Le risque juridique communautaire local, c’est maintenant !

Publié le 25/01/2017 • Par Jean-Marc Joannès • dans : Billets juridiques

EU flag
Jelle van der Wolf Fotolia
Le mécanisme permettant à l’Etat de se retourner financièrement contre des collectivités qui ont violé le droit communautaire est en place depuis le 30 décembre.

A plusieurs reprises, Arnaud Montebourg, l’ancien ministre du Redressement productif, a reconnu que certaines de ses propositions, comme la suspension unilatérale de la directive « travailleurs détachés », le « made in France » tous azimuts et la fixation d’un quota de 80 % de marchés publics réservés aux PME françaises, risquent de conduire à des sanctions infligées par la Commission européenne. « Si elle prend des mesures de sanction contre la France, “nous” paierons les amendes. […] Je préfère payer les amendes plutôt que laisser mourir l’économie française », a-t-il notamment asséné le 21 août 2016. Une savoureuse leçon de transgression du droit.
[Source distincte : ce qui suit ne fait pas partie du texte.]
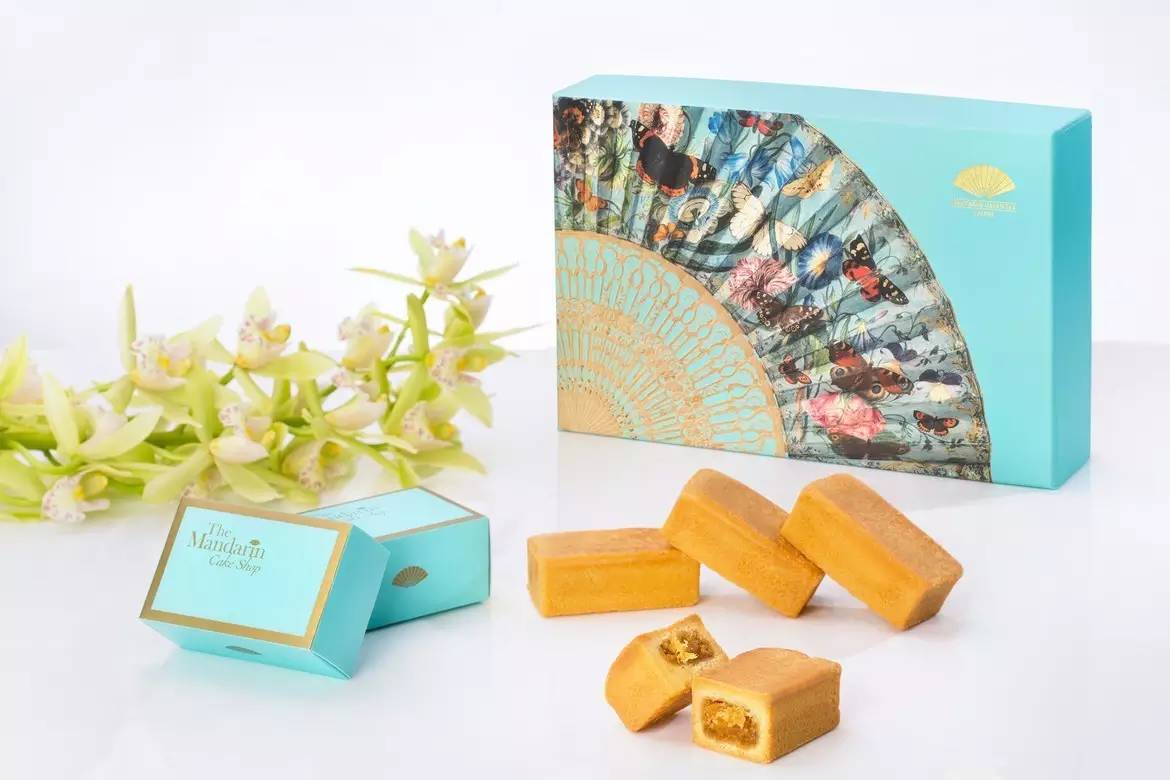 台湾大陆旅游凤梨酥,乌龙茶凤梨酥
Certes, la période électorale favorise les postures, mais, depuis un décret du 27 décembre 2016 (1), ce « nous », en réponse à « qui va payer ? », a trouvé son éclaircissement…
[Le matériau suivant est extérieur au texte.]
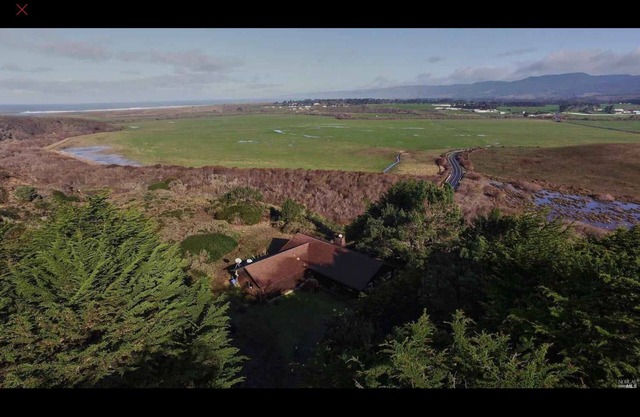 Lighthouse Ranch with Expansive Ocean and Pasture Views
La pénalité prise en charge

La loi « Notre » (art. 112) a ajouté au code général des collectivités territoriales un article L. 1611-10 selon les termes duquel l’Etat français, lorsqu’il est condamné par la Cour de justice de l’Union européenne pour un manquement dont une ou plusieurs collectivités seraient responsables (totalement ou partiellement), peut réclamer à ces personnes une prise en charge de la pénalité financière.
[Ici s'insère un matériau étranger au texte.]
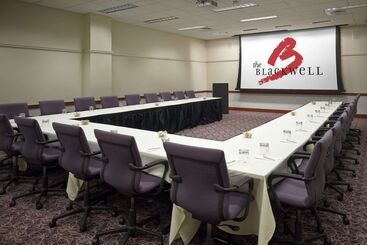 호텔 The Blackwell Inn And Pfahl Conference Center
La loi « Notre » prévoit également la mise en place d’une « commission consultative sur la responsabilité financière des collectivités territoriales », composée de magistrats du Conseil d’Etat, de la Cour des comptes et de représentants des collectivités territoriales. Passé dans le flot des textes publiés en masse dans les journaux officiels de fin d’année, le décret est entré en vigueur dès le 30 décembre. Il encadre les modalités d’échange d’informations entre les collectivités territoriales et l’Etat afin de préparer sa défense devant la Commission européenne et la Cour de justice de l’Union européenne.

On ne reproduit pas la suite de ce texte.